15. The metal product of claim 14, wherein an average grain size of the metal product is at or below approximately 130 μm.

16. The metal product of claim 14, wherein an average grain size of the metal product is at or below approximately 129 μm, 128 μm, 127 μm, 126 μm, 125 μm, 124 μm, 123 μm, 122 μm, 121 μm, 120 μm, 119 μm, 118 μm, 117 μm, 116 μm, 115 μm, 114 μm, 113 μm, 112 μm, 111 μm, 110 μm, 109 μm, 108 μm, 107 μm, 106 μm, 105 μm, 104 μm, 103 μm, 102 μm, 101 μm, or 100 μm.

17. The metal product of claim 14, wherein a maximum grain size of the metal product is at or below approximately 250 μm.

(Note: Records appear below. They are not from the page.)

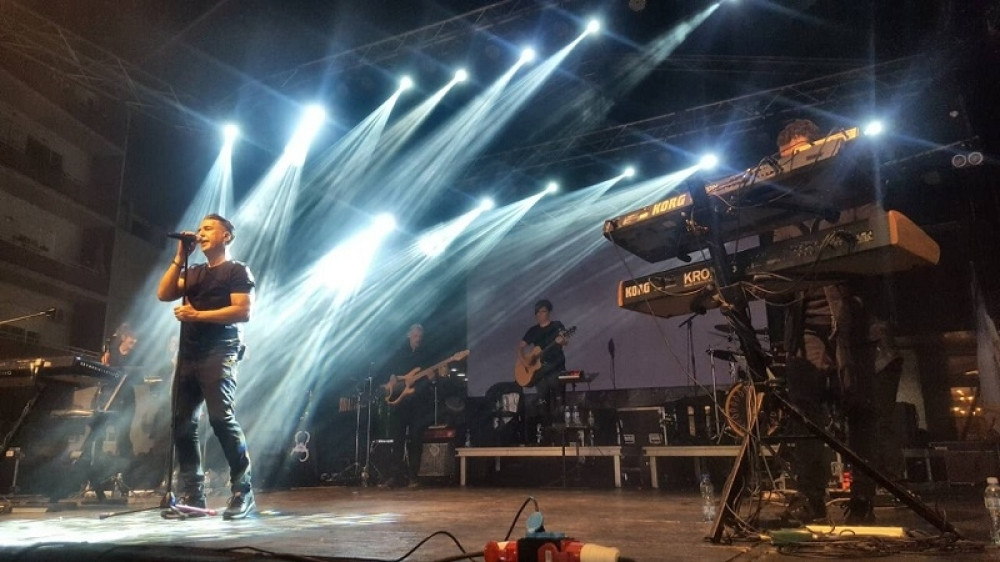 Joksimović otvorio "Roštiljijadu" spektaklom pred 100.000 ljudi (FOTO GALERIJA)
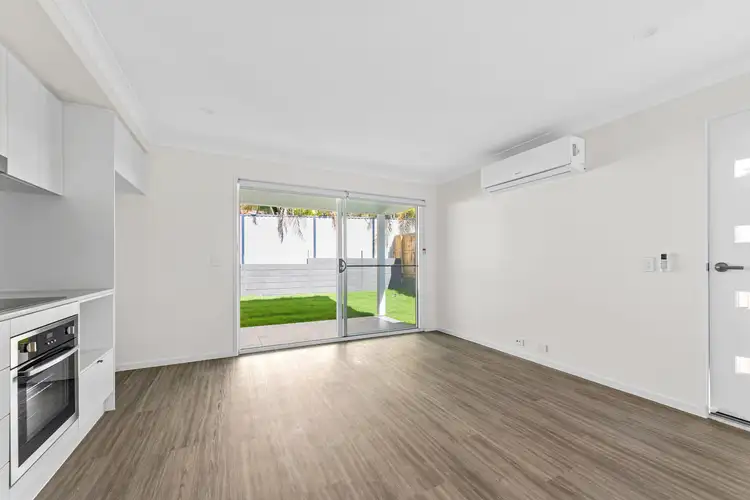 Third view of Homely semi-detached listing, 2/32 Hart Street, Lawnton QLD 4501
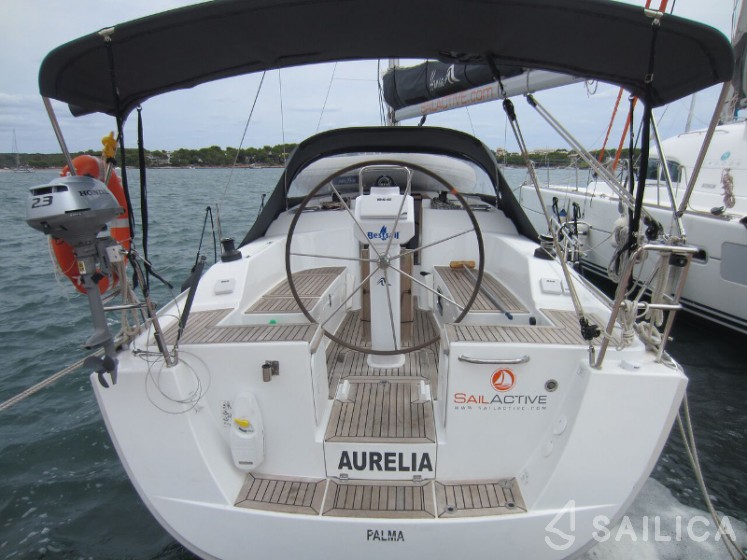 Hanse 325 - Yacht Charter Sailica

18. The metal product of claim 14, wherein a maximum grain size of the metal product is at or below approximately 245 μm, 240 μm, 235 μm, 230 μm, 225 μm, 220 μm, 215 μm, 210 μm, 205 μm, 200 μm, 195 μm, 190 μm, 185 μm, 180 μm, 175 μm, 170 μm, 165 μm, 160 μm, 155 μm, 150 μm, 145 μm, 140 μm, 135 μm, or 130 μm.

19. The metal product of claim 14, wherein a grain size spread of the metal product is at or below approximately 130 μm.

20. The metal product of claim 14, wherein a grain size spread of the metal product is at or below approximately 125 μm, 120 μm, 115 μm, 110 μm, 105 μm, 100 μm, 95 μm, 90 μm, 85 μm, 80 μm, 75 μm, 70 μm, 65 μm, 60 μm, or 55 μm.